The third cause of plagiarism can be attributed to perceptions or how it is viewed upon. There are various conflicting views on it for varied reasons among the different stakeholders chief among them ambiguity or conflict in the way the students were educated on plagiarism (McShane & Von Glinow, 2005). There are two different perceptions, public perception and learner’s perception. Weiss and Bader (2003) suggest that public opinion is of mistrust and disinterest causing those who practice in the vice to consider a change having no effect as the public already distrusts them. Heberling (2002) also reports on the fact that cheating takes place more on the academic platform more than on ground according to public perception which is not the case. Leaner perception on the hand has been that most do not recognize the difference between what the instructors consider dishonest (Williams, 2001).

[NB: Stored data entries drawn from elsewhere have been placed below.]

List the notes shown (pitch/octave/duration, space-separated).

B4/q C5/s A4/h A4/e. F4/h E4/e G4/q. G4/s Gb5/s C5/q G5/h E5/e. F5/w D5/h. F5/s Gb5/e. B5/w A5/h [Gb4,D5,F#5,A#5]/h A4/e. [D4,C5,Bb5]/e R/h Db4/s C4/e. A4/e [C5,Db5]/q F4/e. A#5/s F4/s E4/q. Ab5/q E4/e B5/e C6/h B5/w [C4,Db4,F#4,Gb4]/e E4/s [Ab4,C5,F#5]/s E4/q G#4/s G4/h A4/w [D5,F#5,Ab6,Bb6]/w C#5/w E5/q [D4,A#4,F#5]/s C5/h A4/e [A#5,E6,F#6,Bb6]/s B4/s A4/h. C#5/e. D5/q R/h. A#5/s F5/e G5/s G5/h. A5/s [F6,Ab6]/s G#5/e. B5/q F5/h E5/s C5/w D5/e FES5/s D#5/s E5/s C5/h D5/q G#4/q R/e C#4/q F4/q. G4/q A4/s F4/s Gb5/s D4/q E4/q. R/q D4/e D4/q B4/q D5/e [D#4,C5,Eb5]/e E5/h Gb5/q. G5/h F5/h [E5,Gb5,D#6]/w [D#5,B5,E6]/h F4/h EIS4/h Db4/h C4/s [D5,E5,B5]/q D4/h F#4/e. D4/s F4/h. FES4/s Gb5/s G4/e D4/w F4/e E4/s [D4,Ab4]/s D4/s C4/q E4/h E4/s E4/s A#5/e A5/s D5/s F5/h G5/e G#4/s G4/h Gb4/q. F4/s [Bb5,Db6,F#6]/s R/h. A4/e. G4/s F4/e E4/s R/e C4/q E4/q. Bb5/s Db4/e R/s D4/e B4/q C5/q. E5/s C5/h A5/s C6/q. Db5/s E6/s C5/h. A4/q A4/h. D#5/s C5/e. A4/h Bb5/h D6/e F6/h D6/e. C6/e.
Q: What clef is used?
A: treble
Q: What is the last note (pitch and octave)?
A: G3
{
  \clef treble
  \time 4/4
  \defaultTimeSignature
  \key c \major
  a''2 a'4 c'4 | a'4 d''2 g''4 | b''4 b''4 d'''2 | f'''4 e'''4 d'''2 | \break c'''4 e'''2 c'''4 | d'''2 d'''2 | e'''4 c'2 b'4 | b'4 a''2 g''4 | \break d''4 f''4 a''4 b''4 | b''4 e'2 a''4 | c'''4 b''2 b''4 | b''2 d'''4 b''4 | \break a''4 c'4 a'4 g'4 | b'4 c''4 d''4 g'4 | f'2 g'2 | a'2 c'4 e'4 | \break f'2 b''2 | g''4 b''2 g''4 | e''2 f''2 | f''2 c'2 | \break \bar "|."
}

There is the conflict whence the instructor hands out collaborative work projects and the learners submit work sometimes considered as plagiarized. There is also the understanding by students on the crime of plagiarism being victimless and thus engaging in it harms no one unless one is caught. This choice perception causes plagiarism to not be an ethical or moral issue but a matter of weighing the odds of being caught. It all amounts to the cost-benefit analysis of the said action and the risks therein, which in this case are the penalties of being caught. The crime is not however victimless for the credibility of the Alma mater comes into question due to the student’s cavalier attitude regarding matters of honesty.
- Research design
The nature of the data used is mainly from secondary data from the sources articulated in the literature review to form a theoretical framework. This is by the application of data from sources with impeccable credentials. The reasons behind this are accessibility of this data and the time saving in this case. For accurate results, the sampling frame should be sufficiently large and this would require immense resources which may be lacking. Therefore secondary data was the most viable option with a series of interviews to verify the data. The feasibility of comparisons among the different texts for definitive conclusions would also only be feasible in the use of secondary data (Williams, 2001). The major deterrent of this design is in the data reliability verification. There is no definitive way to establish the data used as genuine.